Google’s famous motto Don’t Be Evil has been a guiding principle for the company since its early years. However, as technology and society have evolved, so has Google’s approach to ethical consideration in the Artificial Intelligence age.
Below, we’ll delve into how Google’s Don’t Be Evil motto has evolved for the AI age.
Most Profound Technology
According to Google’s CEO Sundar Pichai, he always thought of Artificial Intelligence as the most profound technology, humanity is working on. Yes, more profound than electricity, fire, or anything we have worked in the past.

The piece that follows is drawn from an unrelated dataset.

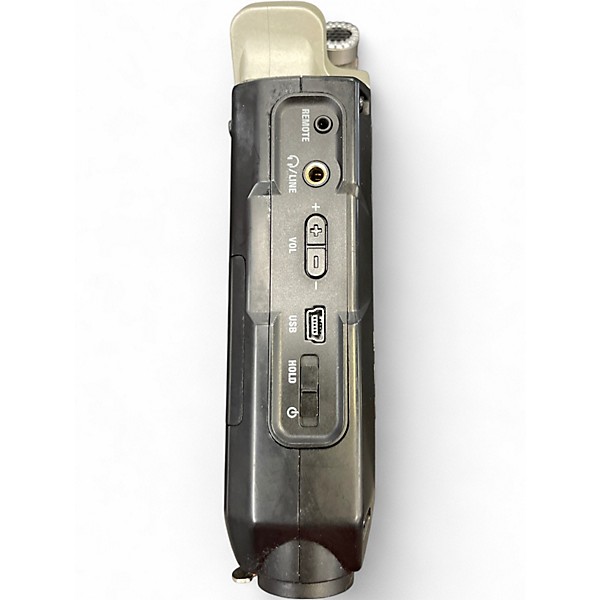 Used Zoom H4N Pro MultiTrack Recorder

To a correspondent of 60 Minutes, Scott Pelley, Pichai gave rare access to the inner workings of Google AI’s development. It includes robots with acquired skills through machine learning and Project Starline.
Project Starline is an AI video conferencing experience that allows people to feel as though they are together, despite being in different locations.
However, one of the most anticipated and noteworthy forays of Google is its chatbot, Bard. Currently, the company calls it an experiment to do more internal testing. However, when Google debuted Bard in February, the program notably made a mistake.
It did not look for answers online, instead relying on a self-contained program. Later, the company decided to launch an advanced version of the program that could write software and connect to the internet.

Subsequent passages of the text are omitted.